From: Ira Weiny <ira.weiny@intel.com>
To: Davidlohr Bueso <dave@stgolabs.net>, <dave.jiang@intel.com>,
<dan.j.williams@intel.com>
Cc: <jonathan.cameron@huawei.com>, <alison.schofield@intel.com>,
<ira.weiny@intel.com>, <vishal.l.verma@intel.com>,
<seven.yi.lee@gmail.com>, <hch@infradead.org>,
<a.manzanares@samsung.com>, <fan.ni@samsung.com>,
<dave@stgolabs.net>, <linux-cxl@vger.kernel.org>
Subject: Re: [PATCH RFC 1/1] cxl/pci: Support Global Persistent Flush (GPF)
Date: Fri, 20 Dec 2024 12:21:57 -0600 [thread overview]
Message-ID: <6765b5c5560e5_2e2afc29467@iweiny-mobl.notmuch> (raw)
In-Reply-To: <20241220164337.204900-2-dave@stgolabs.net>
Davidlohr Bueso wrote:
> Add support for GPF flows. It is found that the CXL specification
> around this to be a bit too involved from the driver side. And while
> this should really all handled by the hardware, this patch takes
> things with a grain of salt.
>
> Timeout detection is based on dirty Shutdown semantics. The driver
> will mark it as dirty, expecting that the device clear it upon a
> successful GPF event. The admin may consult the device Health and
> check the dirty shutdown counter to see if there was a problem
> with data integrity.
>
> Timeout arming is done throughout the decode hierarchy, upon device
> probing and hot-remove. These timeouts can be over-specified,
> particularly T1. Set the max timeout to 20 seconds for T1, which is
> the NMI watchdog default for lockup detection.
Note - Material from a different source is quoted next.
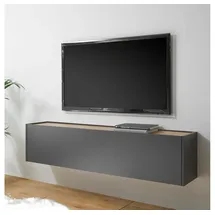 Lomadox - Wohnzimmer Tv Hängeschrank Crisp-61 In Anthrazit Mit Absetzungen In Wotan Eiche Nb., B/h/t: Ca. 150/35/30 Cm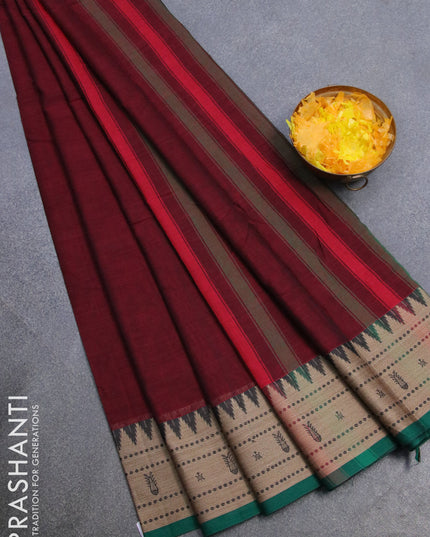 Narayanpet cotton saree deep maroon and green with plain body and thread woven border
For T2, the policy
> is to use the largest device T2 available in the hierarchy.
>
> Signed-off-by: Davidlohr Bueso <dave@stgolabs.net>
[snip]
> int cxl_set_timestamp(struct cxl_memdev_state *mds)
> {
> struct cxl_mailbox *cxl_mbox = &mds->cxlds.cxl_mbox;
> diff --git a/drivers/cxl/core/pci.c b/drivers/cxl/core/pci.c
> index 9d58ab9d33c5..9b1e110817f2 100644
> --- a/drivers/cxl/core/pci.c
> +++ b/drivers/cxl/core/pci.c
> @@ -1054,3 +1054,107 @@ int cxl_pci_get_bandwidth(struct pci_dev *pdev, struct access_coordinate *c)
>
> return 0;
> }
> +
> +int cxl_pci_update_gpf_port(struct pci_dev *pdev,
> + struct cxl_memdev *cxlmd, bool remove)
> +{
> + u16 ctrl;
> + int port_t1_base, port_t1_scale;
> + int port_t2_base, port_t2_scale;
> + unsigned long device_tmo, port_tmo;
> + int rc, dvsec;
> + struct cxl_memdev_state *mds = to_cxl_memdev_state(cxlmd->cxlds);
> +
> + dvsec = pci_find_dvsec_capability(
> + pdev, PCI_VENDOR_ID_CXL, CXL_DVSEC_PORT_GPF);
> + if (!dvsec) {
> + dev_warn(&pdev->dev,
> + "GPF Port DVSEC not present\n");
> + return -EINVAL;
> + }
> +
> + /* check for t1 */
> + rc = pci_read_config_word(
> + pdev,
> + dvsec + CXL_DVSEC_PORT_GPF_PHASE_1_CONTROL_OFFSET,
> + &ctrl);
> + if (rc)
> + return rc;
> +
> + port_t1_base = FIELD_GET(CXL_DVSEC_PORT_GPF_PHASE_1_TMO_BASE_MASK,
> + ctrl);
> + port_t1_scale = FIELD_GET(CXL_DVSEC_PORT_GPF_PHASE_1_TMO_SCALE_MASK,
> + ctrl);
> + if (port_t1_scale > GPF_TIMEOUT_SCALE_MAX) {
> + dev_warn(&pdev->dev, "GPF: invalid port phase 1 timeout\n");
> + return -EINVAL;
> + }
> +
> + /*
> + * Set max timeout such that vendors will optimize GPF flow to
> + * avoid the implied worst-case scenario delays.
> + */
> + device_tmo = gpf_timeout_us(7, GPF_TIMEOUT_SCALE_MAX);
What is '7' here? Seems like another define would be good.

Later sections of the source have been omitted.